Previous step of the supplement to the law of cubic reciprocity

Question

Let $\gamma$, $\rho\in\mathbb{Z[\omega]}$ be different primary irreducibles (i.e. $\gamma$, $ \rho\equiv 2(3)$), where $\omega=-\frac{1}{2}+i\frac{\sqrt{3}}{2}$. I have to prove that $\chi_{\gamma}(\rho)=\chi_{\rho}(\gamma)$, where $\chi_{\pi}(\alpha)$ is the cubic residue character.

Let $\lambda=1-\omega$, if $\gamma$, $ \rho\equiv 2(3)$, then $\lambda$ does not divide $\gamma$ and $ \rho$. If $N(\gamma)\neq N(\rho)$ then $\chi_{\gamma}(\rho)=\chi_{\rho}(\gamma)$ is a consequence of the cubic reciprocity law.

Under these conditions, if $N(\gamma)= N(\rho)$, then $\overline{\gamma}=\rho$. In the book of Ireland and Rosen is proved that $\overline{\chi_{\pi}(\alpha)}={\chi_{\overline{\pi}}(\overline{\alpha})}$, so the only thing left is to show that $\chi_{\gamma}(\rho)=1$. It is supposed to be an easy consequence of the properties of the cubic residue character (according to Kenneth S. Williams) but I don't get to prove it.

This question is implicitly on problem 20 in chapter 9 of Ireland and Rosen.

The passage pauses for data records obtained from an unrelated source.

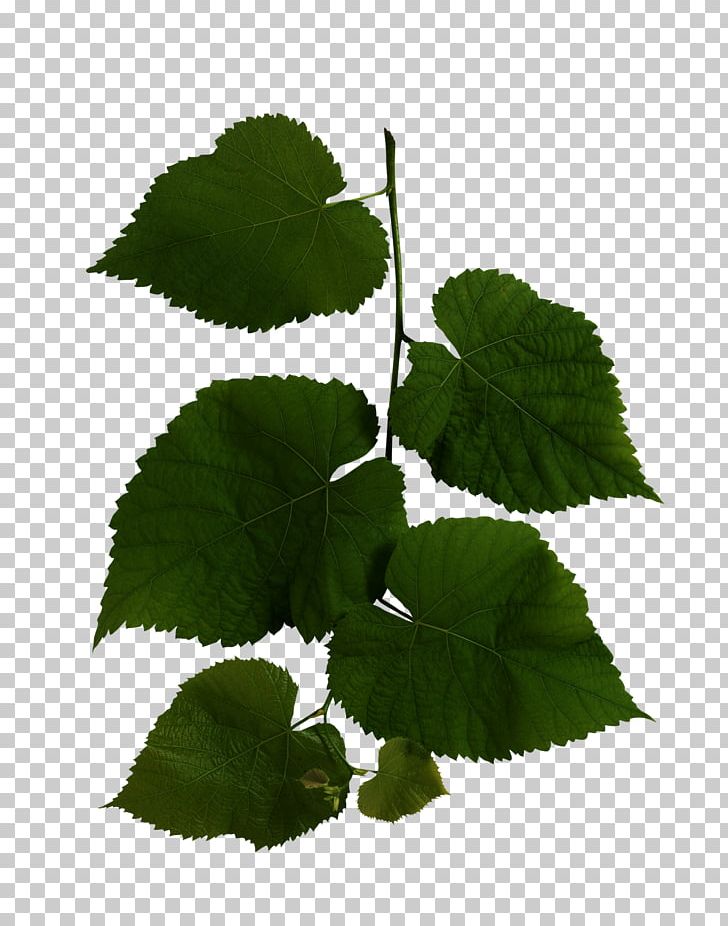 Wild Health Leaf PNG, Clipart, Animal, Biomedical Sciences, Branch, Cindy Engel, Clip Art Free PNG Download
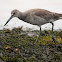 Willet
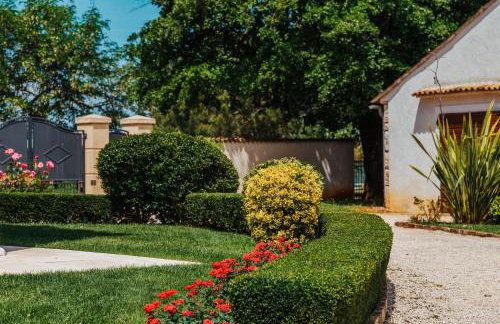 Villa Stanzia Cocci - Foto 13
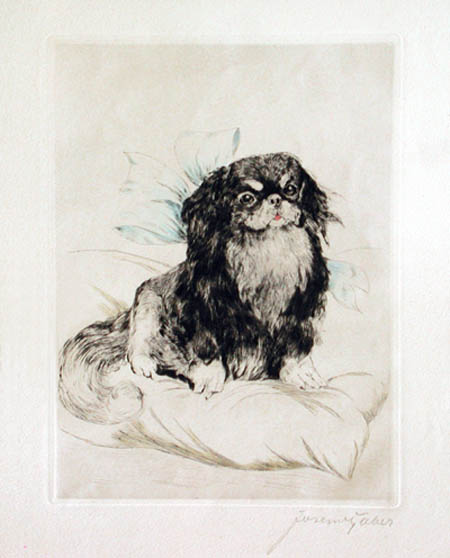 Carl Albert Joseph Gaber - Pekingnese Japanese Chin or Japanese Spaniel Dog on Pillow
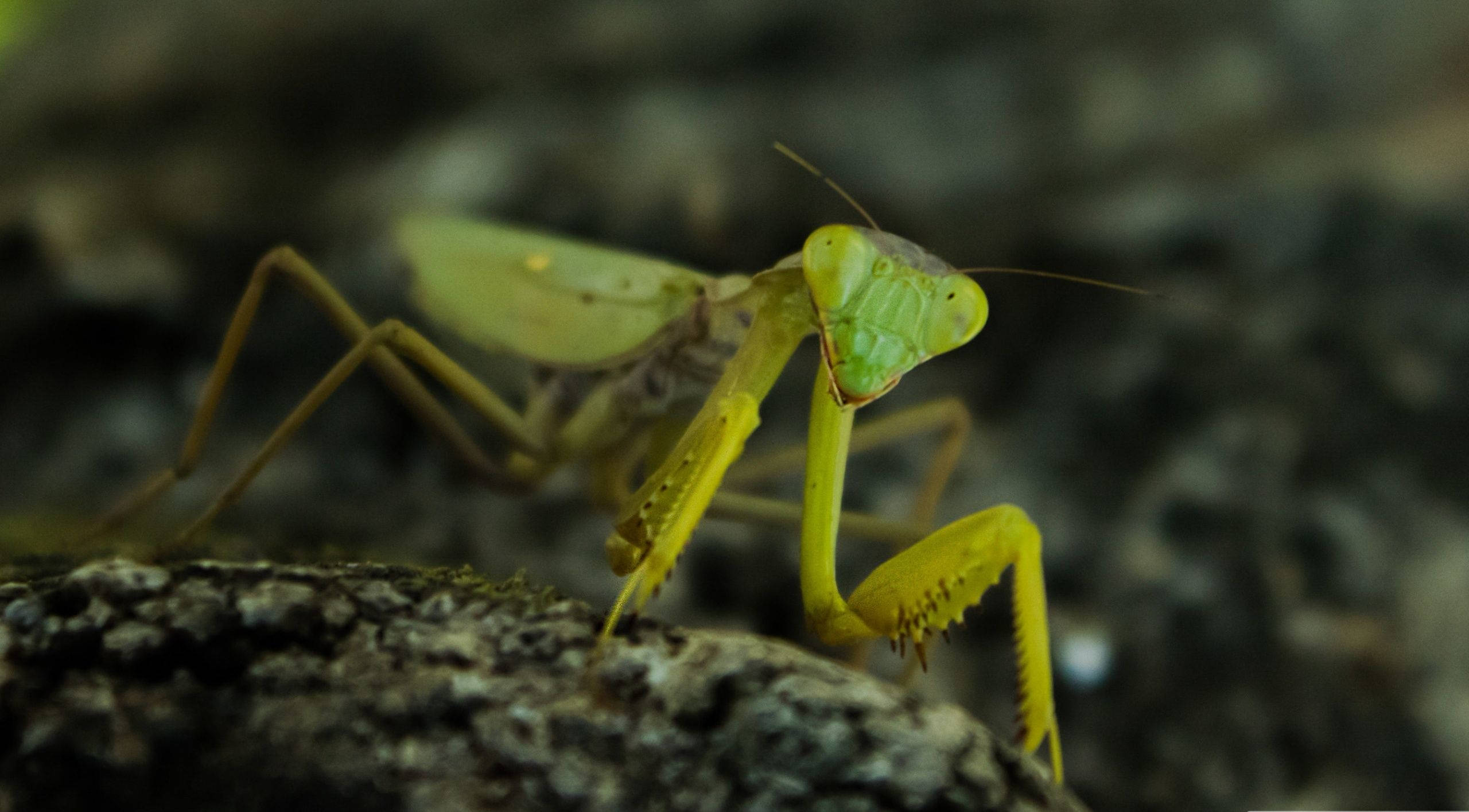 黃綠禱 mantis 壁紙 — 一隻充滿活力的綠色螳螂警覺地棲息在紋理樹皮表面上，背景是模糊的泥土色。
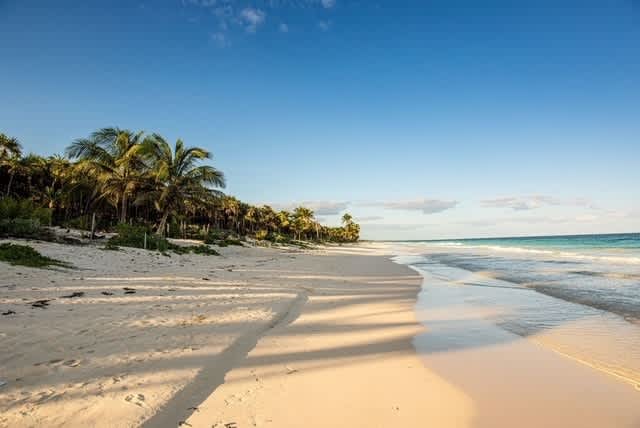 Wander Tulum Cabana #51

Any help will be appreciated. If any of my guesses is wrong, a correction would be appreciated too.

Answer 1

Here's one way to finish the proof.

If $\bar\gamma=\rho$ and $\gamma\neq\rho$ then $\gamma\rho$ is some rational prime $p=3k+1$, and $\rho \equiv \gamma+\rho \bmod \gamma$ with $\gamma+\rho = a$ the rational integer such that $a \equiv 1 \bmod 3$ and $4p = a^2 + 27b^2$ for some integer $b$. Now if you already know the neat formula $$ a \equiv -\left({3k\atop k, k, k}\right) = \frac{-(3k)!}{k!^3} \bmod p $$ then you're done, because the numerator is $-(p-1)! \equiv 1$ by Wilson's theorem, and the denominator is a cube, so $a$ is a cube mod $p$ and thus modulo the factor $\gamma$ of $p$ as desired.